(Saved entries)
————————
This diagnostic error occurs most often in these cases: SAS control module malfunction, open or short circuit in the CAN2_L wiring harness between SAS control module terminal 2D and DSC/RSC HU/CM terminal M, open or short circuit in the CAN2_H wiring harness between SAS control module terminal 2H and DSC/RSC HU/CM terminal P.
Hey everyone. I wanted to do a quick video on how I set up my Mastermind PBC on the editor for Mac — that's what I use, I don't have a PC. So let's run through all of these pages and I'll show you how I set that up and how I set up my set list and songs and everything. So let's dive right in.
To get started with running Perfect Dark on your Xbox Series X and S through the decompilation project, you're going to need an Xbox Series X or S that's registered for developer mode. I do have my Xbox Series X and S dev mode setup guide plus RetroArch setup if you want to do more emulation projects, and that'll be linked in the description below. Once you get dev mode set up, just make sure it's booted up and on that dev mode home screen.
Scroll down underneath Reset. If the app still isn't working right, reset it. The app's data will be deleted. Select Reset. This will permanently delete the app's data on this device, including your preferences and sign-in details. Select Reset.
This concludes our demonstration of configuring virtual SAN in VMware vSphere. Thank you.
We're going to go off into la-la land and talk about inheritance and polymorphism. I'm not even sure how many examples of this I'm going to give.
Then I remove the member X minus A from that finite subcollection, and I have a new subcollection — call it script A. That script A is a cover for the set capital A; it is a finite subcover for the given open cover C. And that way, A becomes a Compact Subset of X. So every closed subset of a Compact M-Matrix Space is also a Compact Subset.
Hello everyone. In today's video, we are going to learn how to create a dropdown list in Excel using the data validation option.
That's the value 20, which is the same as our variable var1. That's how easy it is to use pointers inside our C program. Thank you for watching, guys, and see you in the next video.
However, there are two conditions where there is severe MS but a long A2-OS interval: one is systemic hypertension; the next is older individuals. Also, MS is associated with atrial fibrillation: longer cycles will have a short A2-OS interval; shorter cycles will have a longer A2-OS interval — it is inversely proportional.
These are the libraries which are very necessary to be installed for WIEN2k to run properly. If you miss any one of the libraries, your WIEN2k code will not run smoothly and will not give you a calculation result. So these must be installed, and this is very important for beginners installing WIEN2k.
————————
ABOUT THIS TASK:
Your reply should hold all the entries, each repeated without a single change.

ANSWER:
This diagnostic error occurs most often in these cases: SAS control module malfunction, open or short circuit in the CAN2_L wiring harness between SAS control module terminal 2D and DSC/RSC HU/CM terminal M, open or short circuit in the CAN2_H wiring harness between SAS control module terminal 2H and DSC/RSC HU/CM terminal P.
Hey everyone. I wanted to do a quick video on how I set up my Mastermind PBC on the editor for Mac — that's what I use, I don't have a PC. So let's run through all of these pages and I'll show you how I set that up and how I set up my set list and songs and everything. So let's dive right in.
To get started with running Perfect Dark on your Xbox Series X and S through the decompilation project, you're going to need an Xbox Series X or S that's registered for developer mode. I do have my Xbox Series X and S dev mode setup guide plus RetroArch setup if you want to do more emulation projects, and that'll be linked in the description below. Once you get dev mode set up, just make sure it's booted up and on that dev mode home screen.
Scroll down underneath Reset. If the app still isn't working right, reset it. The app's data will be deleted. Select Reset. This will permanently delete the app's data on this device, including your preferences and sign-in details. Select Reset.
This concludes our demonstration of configuring virtual SAN in VMware vSphere. Thank you.
We're going to go off into la-la land and talk about inheritance and polymorphism. I'm not even sure how many examples of this I'm going to give.
Then I remove the member X minus A from that finite subcollection, and I have a new subcollection — call it script A. That script A is a cover for the set capital A; it is a finite subcover for the given open cover C. And that way, A becomes a Compact Subset of X. So every closed subset of a Compact M-Matrix Space is also a Compact Subset.
Hello everyone. In today's video, we are going to learn how to create a dropdown list in Excel using the data validation option.
That's the value 20, which is the same as our variable var1. That's how easy it is to use pointers inside our C program. Thank you for watching, guys, and see you in the next video.
However, there are two conditions where there is severe MS but a long A2-OS interval: one is systemic hypertension; the next is older individuals. Also, MS is associated with atrial fibrillation: longer cycles will have a short A2-OS interval; shorter cycles will have a longer A2-OS interval — it is inversely proportional.
These are the libraries which are very necessary to be installed for WIEN2k to run properly. If you miss any one of the libraries, your WIEN2k code will not run smoothly and will not give you a calculation result. So these must be installed, and this is very important for beginners installing WIEN2k.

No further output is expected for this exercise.